“The Rule of the Artery Is Supreme”

Written by Dr. Thomas N. Told

“The rule of the artery is supreme”, is a widely quoted axiom attributed to Andrew Taylor Still MD, DO the founder of Osteopathic Medicine as he explained one of four key tenants of our uniquely American profession.   Though Dr. Still never wrote or uttered those exact words he did say;” the rule of the artery is absolute, universal, and must not be obstructed.”  In my nearly a half century of practicing medicine including half those years in medical education, I have come to respect the devastating effects of arterial occlusion whether it be in the heart, brain, lungs, gut, or peripheral vascular system resulting from disease or human causes.  In practice we watched diligently the constrictive tourniquet inflation times in surgery making sure they did not pass a certain threshold, or monitored closely circulation after application of casts and splints which could obstruct circulation causing devastating nerve injury and contractures.  In the ER we rushed to medically open occluded vessels in the brain and heart to curb the devastating effects of extended thrombotic occlusion times.  The after effects of uncontrolled disease-caused occlusions are generally accepted and excused as expected complications, but ill effects from occlusion with a tourniquet have not been well received by the medical profession or public, so few tourniquets were ever applied until recently when evidence from battle wounds proved their application safe and effective. Conventional wisdom for physicians and first responders in the last century was to only apply a total occlusive vascular tourniquet when the chance of death from exsanguination was eminent, and preserving life was more important than the continued viability of the injured limb. 

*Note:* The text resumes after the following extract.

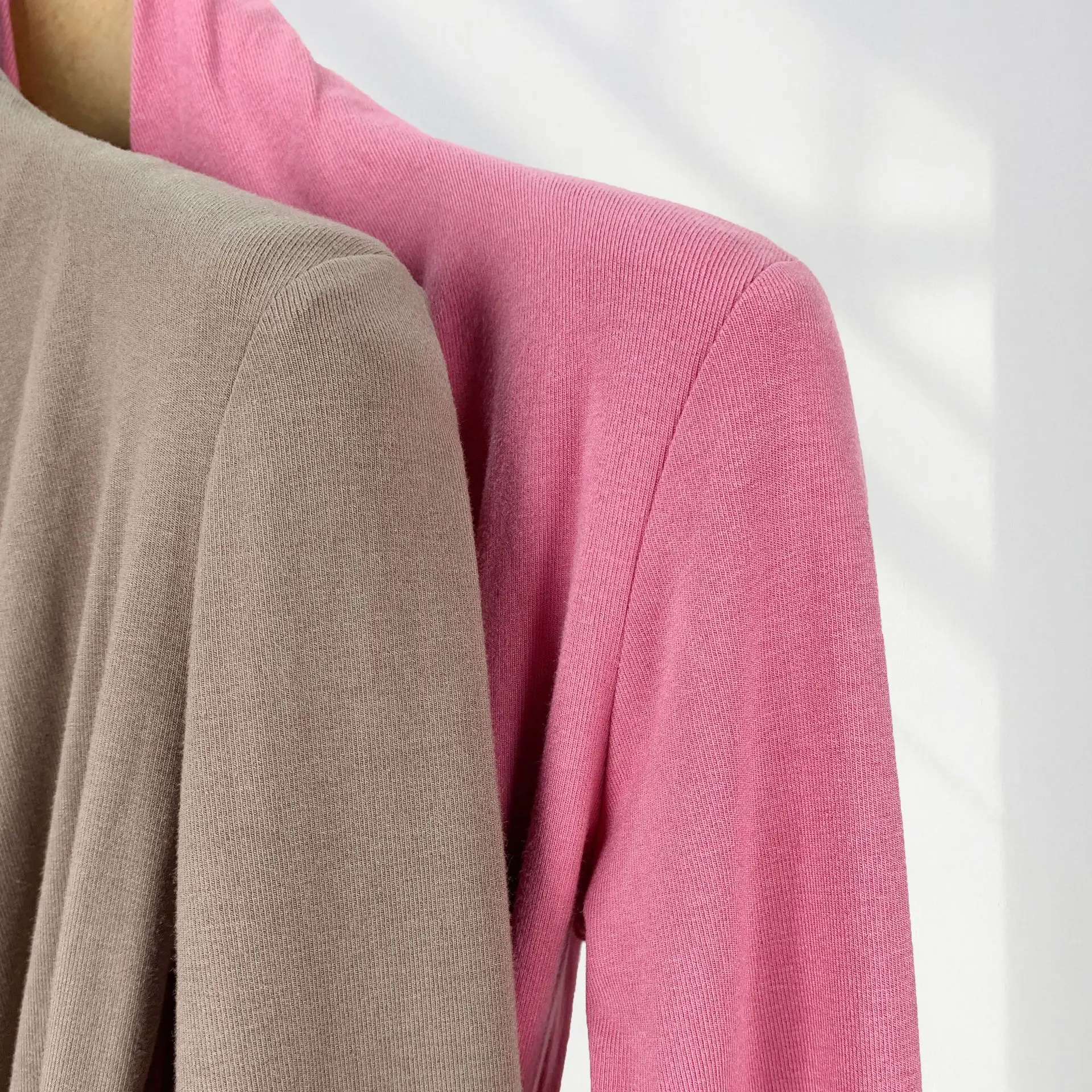 Combed Cotton Cross V Neck Long Sleeved Bottoming Shirt Long Sleeved Tops Women Spring Elegant Wind Slim Inner T Shirt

 Dr. Dennis Kinder, who would join us on the Parker campus to become RVU’s Director of the Medical Clinic including IM Residency faculty, would ask me to join him as we faced that very decision years before while covering our Northwest Colorado emergency room.   Dr. Kinder recounted our experience recently while visiting Dean David Park at the Montana College of Osteopathic Medicine in Billings, Montana.  Dr. Park was so impressed by the story we felt it valuable enough to share with all of you on the RVU Blog.  

    Here in bold italicized print is Dr. Kinder’s recollection of the event as he related it to Dr. Park, and I will follow with my comments and recollections including interesting background information surrounding that event given all participants involved were patients of ours at Craig Medical Center.

Dr. Dennis Kinder’s Recollections:                                                              

I was fresh out of residency training in internal medicine and was working a weekend shift in the emergency room in rural northwest Colorado.   The weekend shift started Friday at 6 pm and ended Monday at 6 am.  Our general surgeon was out of town and this always made me feel a bit apprehensive.  My trauma training was mostly in medical school, and I was ATLS certified. 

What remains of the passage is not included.